A compact (12 mm × 20 mm) printed circuit board was developed to provide the necessary voltage to the oxygenation electrode and to enable real-time in vivo monitoring of oxygen generation. The circuit features a Bluetooth Low Energy (BLE) enabled microcontroller, chosen for its low power consumption, and a dual-channel 12-bit buffered digital-to-analog converter (DAC) that allows for precise biasing of the catalysts. Four oxygen-generating channels and two calibration channels are connected in series to the DAC outputs through digitally controlled single-pole double-throw (SPDT) analog switches. The circuit is powered by a lithium polymer battery and supporting circuitry. One DAC channel continuously supplies the catalysts with a known voltage (the “oxygenation output”), while the other is wired in a force-sense configuration with a feedback resistor (the “measurement output”). The microcontroller selects the DAC output for each of the four oxygen-generating channels. During normal operation, all channels are connected to the oxygenation output. Periodically, the microcontroller switches each channel in sequence to the measurement output, programmed to produce the same voltage as the oxygenation output. After a delay, the microcontroller’s analog-to-digital converter (ADC) reads the voltage across the feedback resistor and calculates the current flowing into each channel. The calibration channels connect to precision (0.5%) resistors, facilitating measurement calibration throughout the experiment as conditions change. The voltage, measurement frequency, and delay can be wirelessly programmed in real-time using a companion mobile application. The microcontroller transfers measurement data to the application once its buffer is full, allowing the operator to view and adjust parameters for continued operation.

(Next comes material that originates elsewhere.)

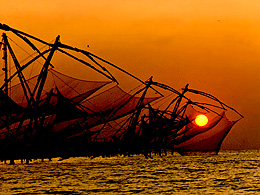 Sunset in Cochin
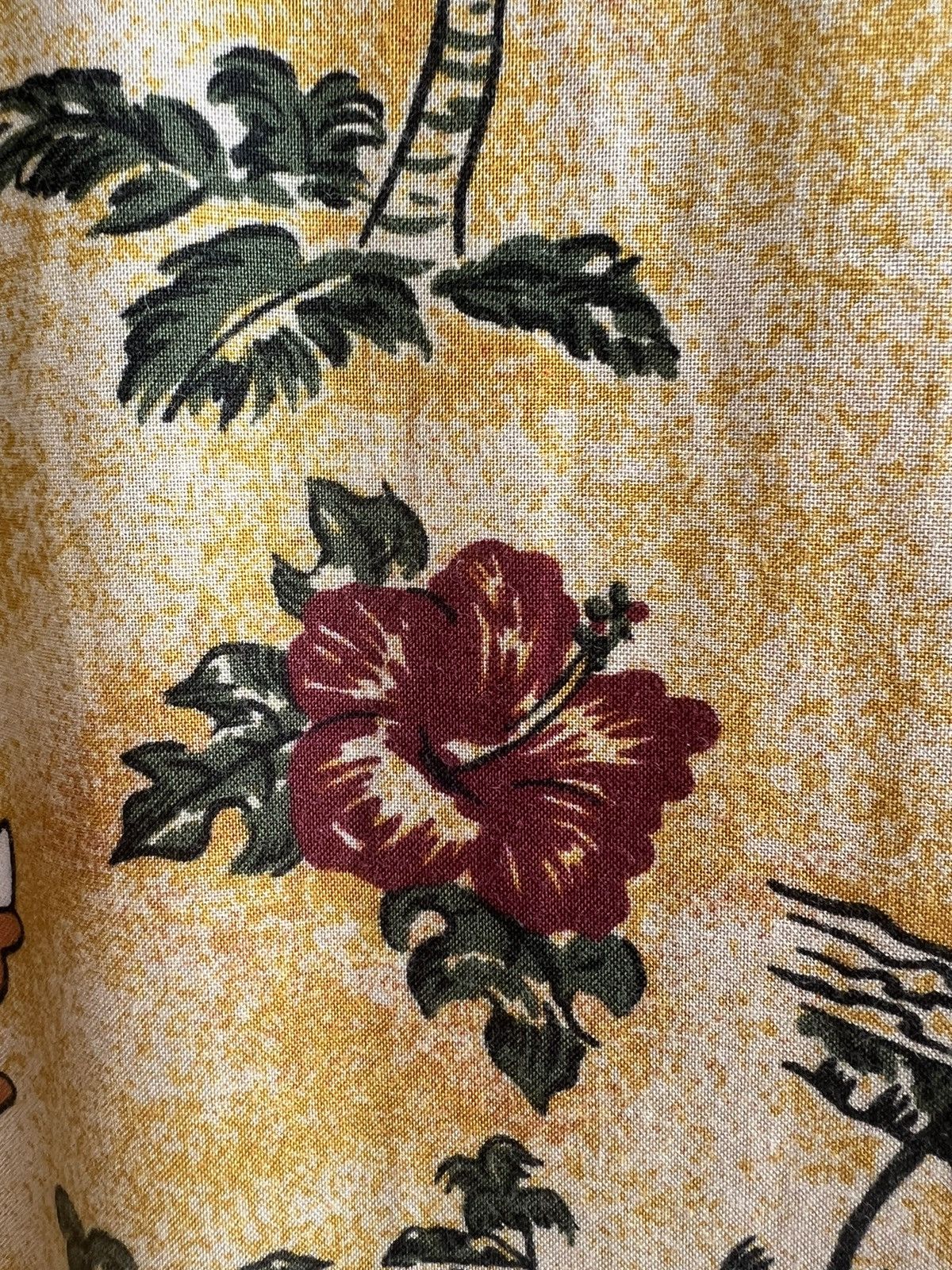 Vintage Resocha JAL Japan Hula Girl Oversized Rayon Hawaiian Size US L / EU 52-54 / 3 - 16 Thumbnail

in vivo experiments in rat model

A 2×4 array was fabricated and soldered to a PDMS-passivated gold-wire bundle which was then terminated with a 16-pin connector (Omnetics 2207). A PDMS housing with a custom mold was used to enclose the array, with each well holding a 2×4 array. The assembly was then soaked in 70% ethanol for 24 h, followed by deionized water for another 24 h, with water exchanges every 8 h. A commercially available polycarbonate membrane (Sterlitech PCTF 0425100) with 0.4 µm pore size was attached to the top of the well to provide immunoisolation while facilitating nutrient and oxygen exchange. ecO2 devices for in vivo oxygenation were sterilized using ethylene oxide (ETO) sterilization (Anprolene AN75, Anderssen) and allowed to rest for 48 h. Maintaining aseptic conditions, ARPE-19 cell capsules were transferred into the cell compartment using a pair of needles. Note that cell capsules were resuspended in fresh media and approximately 800 capsules were loaded. Note that media exchange was unable due to inaccessibility to the device during implantation. Prior to surgery, a SAS Sprague Dawley rat was anesthetized using isoflurane in the chamber and it was maintained via nose cone delivery. Note that sex was not considered in the study design or analysis as it did not involve any disease models. Shaved rat skin was sanitized using IPA. To minimize mechanical stress on skin and bones, ecO2 device was implanted in the abdominal skin pocket. The remote potentiostat was enclosed in 3D-printed housing and placed on the backside to prevent damage from rat’s motion. Those electronics were connected using flexible 16-channel gold wire, which was routed under the skin. Electrochemistry of ecO2 was wirelessly controlled using an application (Flexi-BLE) on an iOS device. Cell viability was performed following the above-mentioned procedures (Cell viability assay).

Statistics and reproducibility

For statistical analysis, we predetermined effective sample size based on power analysis, executing all in vitro and in vivo experiments with biologically independent replications of >4. In case of data exclusion, we determined the outlying data points based on box plot analysis. Data points lied on >1.5 interquartile range were excluded. The experiments were not randomized, and the investigators were not blinded to allocation during experiments and outcome assessment.

Reporting summary

Further information on research design is available in the Nature Portfolio Reporting Summary linked to this article.